Read The Last Train to Zona Verde Online
Authors: Paul Theroux
In spite of the deterioration and neglect, what I saw was more than a mural depicting a glimpse of human life from the Neolithic; it was a language. It occurred to me that Chinese characters are
based on pictures. So are hieroglyphics, and so are the lines of glyphs carved into the Rosetta stone. These cave paintings served as words too, the whole wall of pictographs.
I had not realized that this cave art was closer to written language than to the mere sketching of animals. Something was shown, but more important, something was being said. Taken together, it was a statement about hunting — terrors and stratagems, the rows of images set out like sentences.

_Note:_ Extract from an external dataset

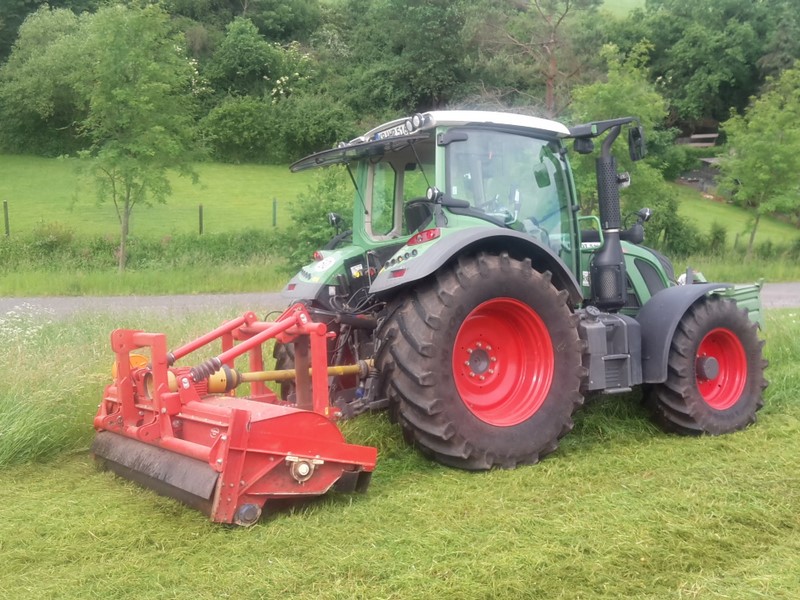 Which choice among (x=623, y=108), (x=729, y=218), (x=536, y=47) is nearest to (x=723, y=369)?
(x=623, y=108)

“There is a Damara village near here,” Linus said. “I can take you. It is traditional.”
But darkness was falling, and I hated African roads at night. I asked him where he lived.
“Mondesa,” he said, and explained that it was a township just outside Swakopmund.
“Let’s go there tomorrow.”
“We don’t have a tour,” he said.
“But you can show me where you live and where other people live.”
He laughed, because the concept of township tours had just recently begun in Namibia, so it had yet to become an established sightseeing feature as it was in South Africa. It seemed a pure novelty to Linus. But he said, for a fee, he would take me.
The following morning, we drove to the far end of Swakopmund, where the edge of town met the desert and the industrial area. On bare ground were rows of square, flat-topped cinderblock huts, dusted brown from the blowing grit. Beyond these cement huts were clusters of cobbled-together shacks and shanties. After spick-and-span Swakopmund this large settlement of about thirty thousand people was a dose of reality, a place of obvious poverty.
“This is Mondesa, the black township,” Linus said.
“Are there others?”
“Tamariskia. It is colored.”
Like most African townships, Mondesa had begun as a shantytown.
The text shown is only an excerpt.